Grand Prix éditorial RC 2023 Dentisterie Esthétique
3e lauréats : Léa Massé, Cyprien Clark et Sonia Betin
Léa Massé
CCU-AH Prothèses,
UFR des sciences odontologiques de Bordeaux, CHU de Bordeaux
Cyprien Clark
Externe,
UFR des sciences odontologiques de Bordeaux,
CH de Mont-de-Marsan
Sonia Betin
Prothésiste dentaire,
Laboratoire Corus Bertin,
Bordeaux
Aza (19 ans) se présente en consultation pour trouver une solution à son édentement canin bilatéral maxillaire (fig. 1). Elle est adressée par son orthodontiste à la suite d’échec de traction orthodontico-chirurgicale de 13 et 23 incluses. La patiente évoque deux greffes muco-gingivales réalisées au niveau des récessions de 14 et 24 sans résultat satisfaisant. L’absence de ses canines est palliée par un TOSI qu’elle trouve inesthétique et inconfortable (fig. 2-3). Elle souhaiterait une solution fixe, esthétique et sans étape de chirurgie supplémentaire.
Objectifs thérapeutiques
Le choix thérapeutique s’est porté sur deux bridges collés mono-ailette céramiques. Cette solution prothétique permet de répondre à la triple problématique clinique rencontrée. (i) Problématique ontogénique : la croissance conditionne la décision thérapeutique du fait des risques de dysharmonies esthético-fonctionnelles à moyen/long terme [1, 2]. Le pontique migrera de concert avec sa dent support, ne subissant alors pas l’épreuve de la croissance. (ii) Problématique esthétique : les canines, clés de voûte de l’arcade, sont autant sollicitées dans le dessin de la ligne du sourire que dans l’expression faciale générale.
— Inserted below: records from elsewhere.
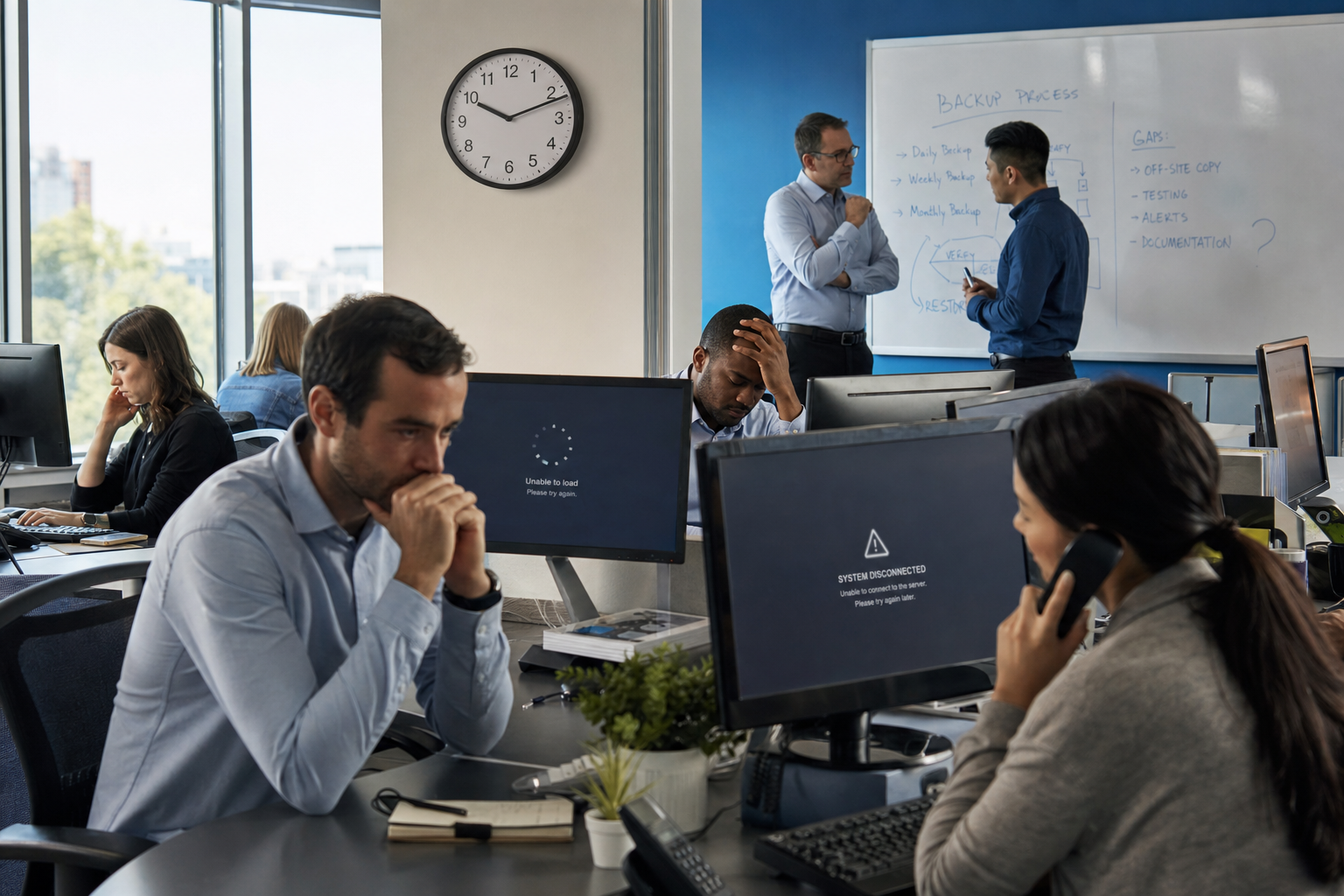How Weak Backup and Recovery Processes Increase Downtime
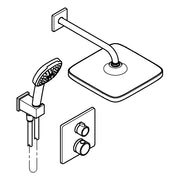 Grohe - UP-Duschsystem Grohtherm 103995 eckig 2 ASV für Duschrahmen Mono chrom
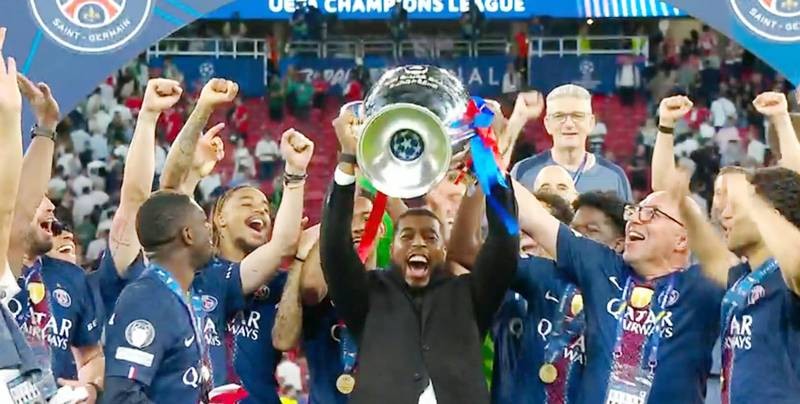 Le PSG sacré champion d'Europe. (Ph: Dr)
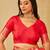 Red geometric woven zari banarasi saree
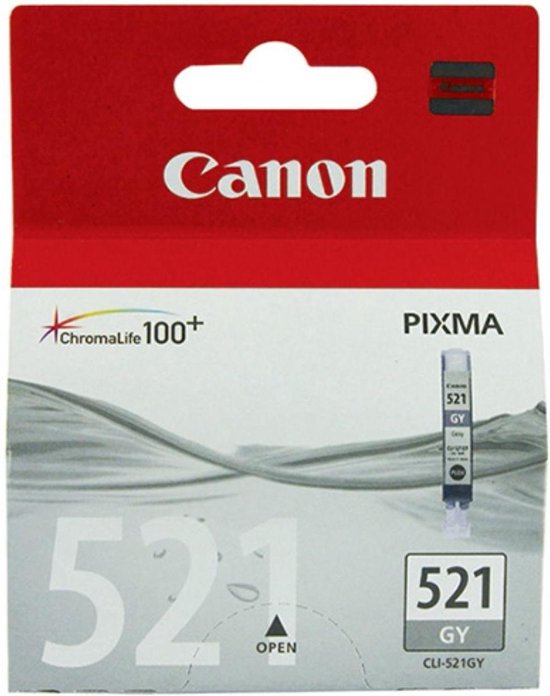 Canon Cartouche d'encre grise CLI-521GY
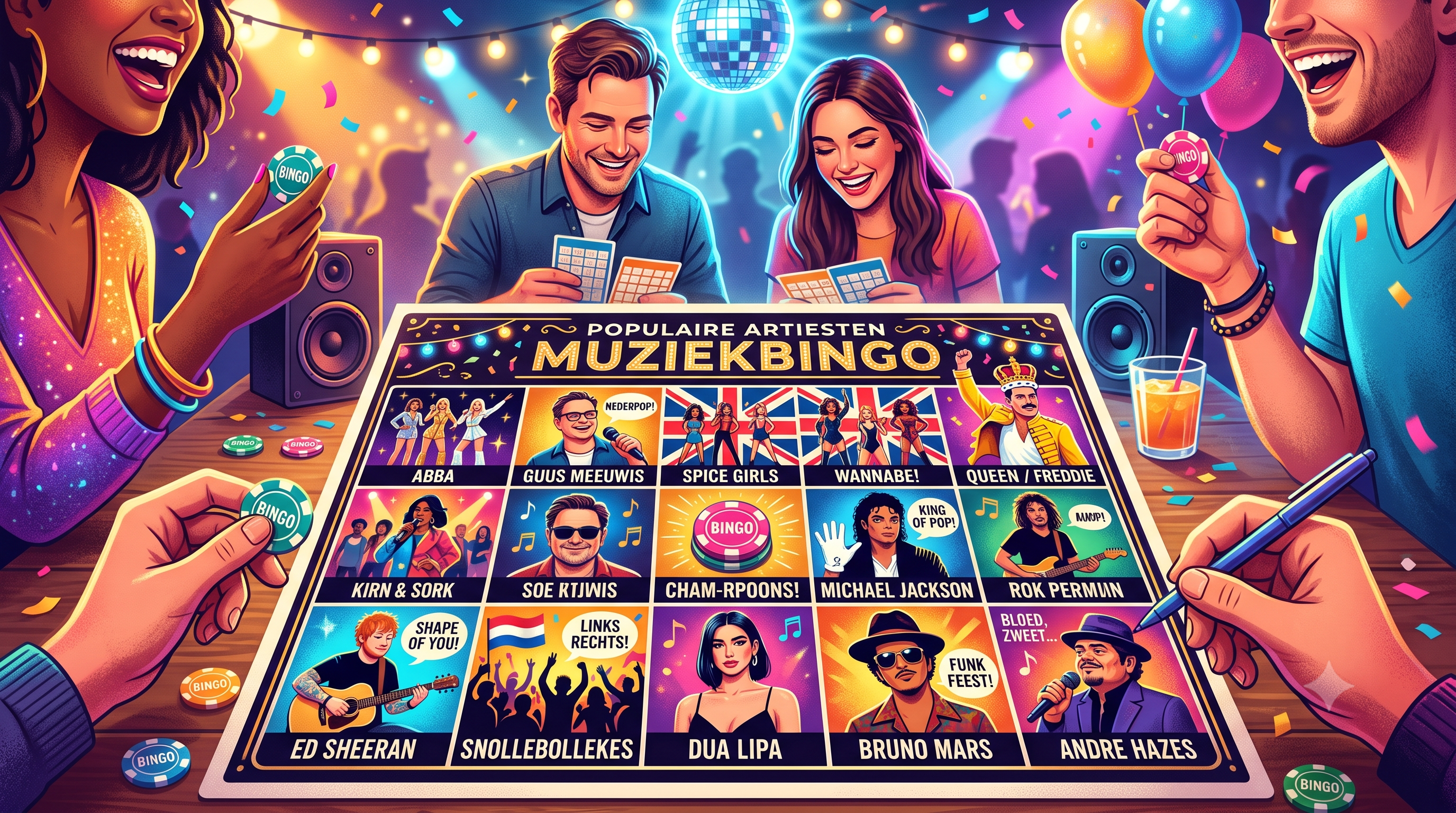 Quels artistes fonctionnent toujours bien au bingo musical ?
Le TOSI en place est inesthétique et la ligne des collets n’est pas respectée (fig. 2).
Notre choix de morphologie conditionnera l’individualité du sourire et la façon dont il est perçu. La selle des pontiques sera contra-muqueuse pour une bonne intégration esthétique, un aménagement muco-gingival n’étant pas possible du fait de la position des canines incluses. La patiente présente une ligne du sourire de classe III (classification de Liébart et al. [3]), paramètre favorable quant à cet impératif pontique. (iii) Problématique fonctionnelle : ici, les canines ne devront pas avoir de rôle dans la mastication ou encore exercer leur fonction de guidage en diduction et de protection des dents cuspidées. Une fonction de groupe avec prise en charge exclusive des deux prémolaires sera recherchée et un aménagement des faces palatines des pontiques sera effectué afin de lever leur prise en charge dans les contacts occlusaux.
En remplacement des incisives centrales et latérales, le bridge collé mono-ailette céramique a prouvé son efficacité sur le long terme avec des taux de succès de 100 % à 10 ans [4, 5] et serait la solution prothétique à privilégier avant 40 ans, devant l’implant unitaire [6]. Son indication s’est étendue au remplacement canin et postérieur avec un taux de succès de 96,3 % (infrastructure zircone [7]) et taux de survie de 100 % (infrastructure vitrocéramique renforcée [8]) pour un suivi allant jusqu’à 7 ans.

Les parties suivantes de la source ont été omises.